Pokierowałam się niezwłocznie do lekko uchylonych drzwi jakiegoś budynku. To była chyba stodoła, czy coś w tym rodzaju. Biegnąc głownie na jednej, tej zdrowej nodze, nie obyło się bez wywrócenia się i przywitania z glebą. W końcu to bardziej wyglądało na skakanie na jednej nodze niż bieg. Gdy dotarłam w końcu to tego budynku, okazało się, iż był tam samochód terenowy. Od razy dostałam informację od Elizabeth, że nigdzie tutaj nie ma kluczyków, a auto było zamknięte.

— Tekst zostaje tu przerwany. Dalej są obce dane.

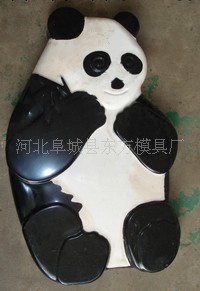 生產加工制造各種拉深模具工廠,批發,進口,代購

Jeszcze raz rozejrzałam się, czy przypadkiem Elizabeth nie umknęły gdzieś te kluczyki. Nigdzie ich nie było, więc wzięłam łoma i wybiłam szybę, następnie wpuściłam do środka Elizabeth i próbowałam odpalić auto z kabelków. Kilkadziesiąt razy próbowałam, bez skutku. Gdy Shelby pojawiła się w drzwiach, co raz szybciej pocierałam te kabelki o siebie. Udało mi się w ostatniej chwili, bo ta wariatka nie wiem skąd miała pistolet, którym wycelowała gdzieś w moją stronę i kiedy aby ruszyłam, prawię ją potrąciłam, a ona oddała cztery strzały. Na szczęście nie narobiło to żadnych szkód. Jechałam całkiem szybko, dlatego nie było to zdziwieniem, że policja się zainteresowała i jechała za nami na sygnale. Do tego Shelby nie bała się policji i nas doścignęła. "Oh shit" - powiedziałam do siebie. Pojechałam jeszcze kawałek i dopiero teraz zauważyłam na wskaźnikach, ze paliwa robi się co raz mniej.

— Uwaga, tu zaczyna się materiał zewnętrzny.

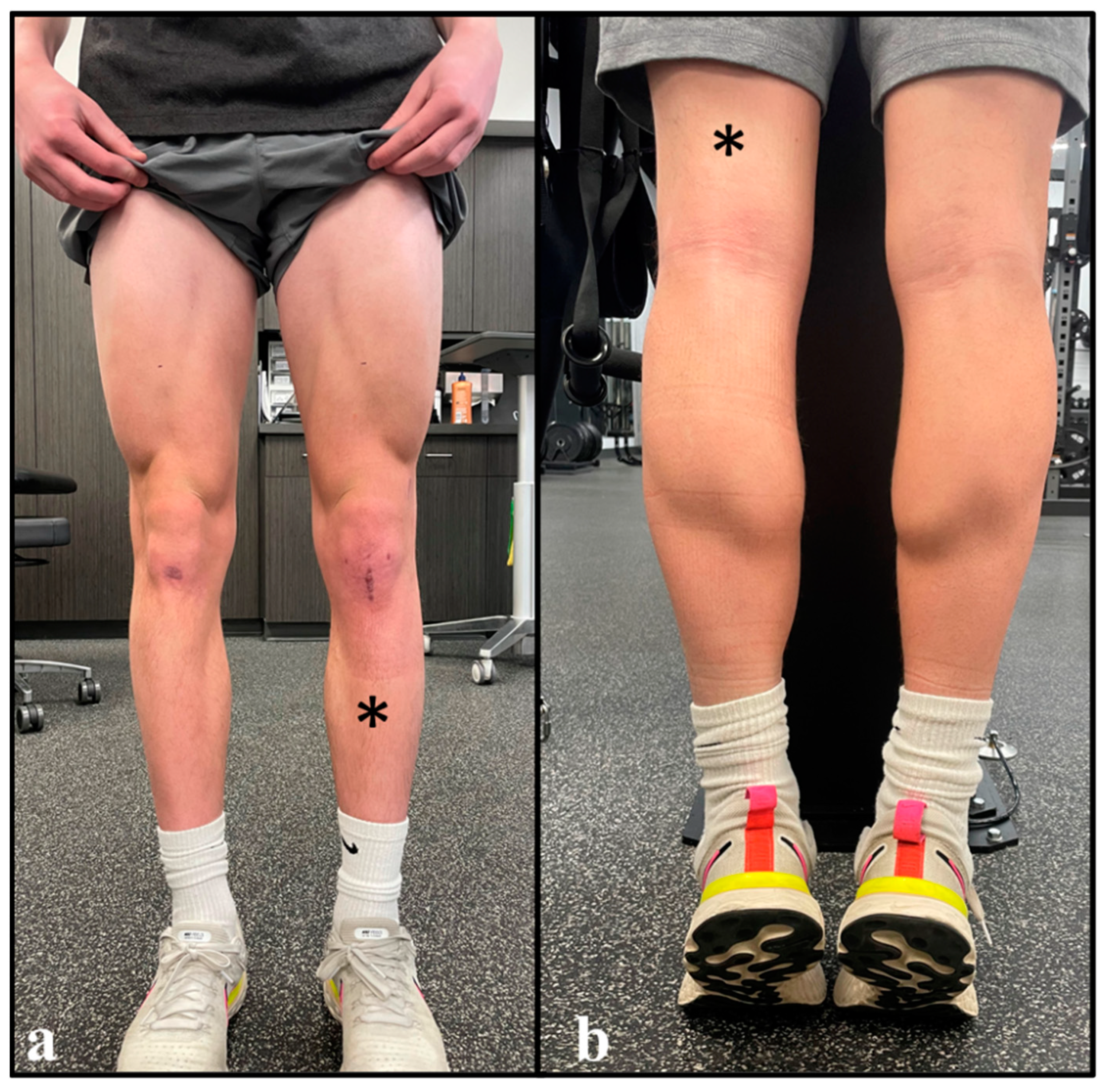 Healthcare 11 01885 g004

poniedziałek, 4 stycznia 2016

Rozdział 68.

Siedziałyśmy w ciszy. Nóż schowałam pod udem. Nie chciałam na razie się uwalniać, bo nie dość, że było tyle porażek, gdy chciałam uciec, to jeszcze jakoś dziwnie było mi w głowie, jakbym piła alkohol przez tydzień. Nie mogłam pojmać, jakim cudem nie udało mi się jeszcze z tego miejsca uciec. Przecież nie z takich tarapatów udało mi się wychodzić, a z jakąś blondyną nie mogę sobie poradzić. Stwierdziłam, że zanim się ogarnę i będzie pewniejsza pozycja do ucieczki, to głupio będzie tak siedzieć w ciszy, kiedy jest nas dwie.
- Ile tu siedzisz? - w końcu zadałam, dość głupie jak dla mnie pytanie, bo niby jakim cudem miałaby wiedzieć, gdy siedzi tu związana tyle czasu nawet bez zegarka.
- Gdzieś z półtora miesiąca. Może więcej, może mniej. - jednak odpowiedziała. - Pewnie mnie nie poznajesz? -  spytała.
- Kojarzę cię, ale karta pamięci z twoim niewielkim wątkiem w moim życiu ma amnezję, mimo, że i tak jakoś dużo razy cię widziałam.
- Też ciebie dużo razy widziałam. na przykład jak chodziłam na spacery do parku... z Samem.
- A widzisz! Już ogarniam. Najpierw widziałam Sama z tą blondyną, a potem z tobą. I zawsze dziwiło mnie jakim cudem byliśmy w tym samym miejscu, w tym samym czasie. I nie opuszczało mnie wrażenie, jakoby Sam mnie śledził... 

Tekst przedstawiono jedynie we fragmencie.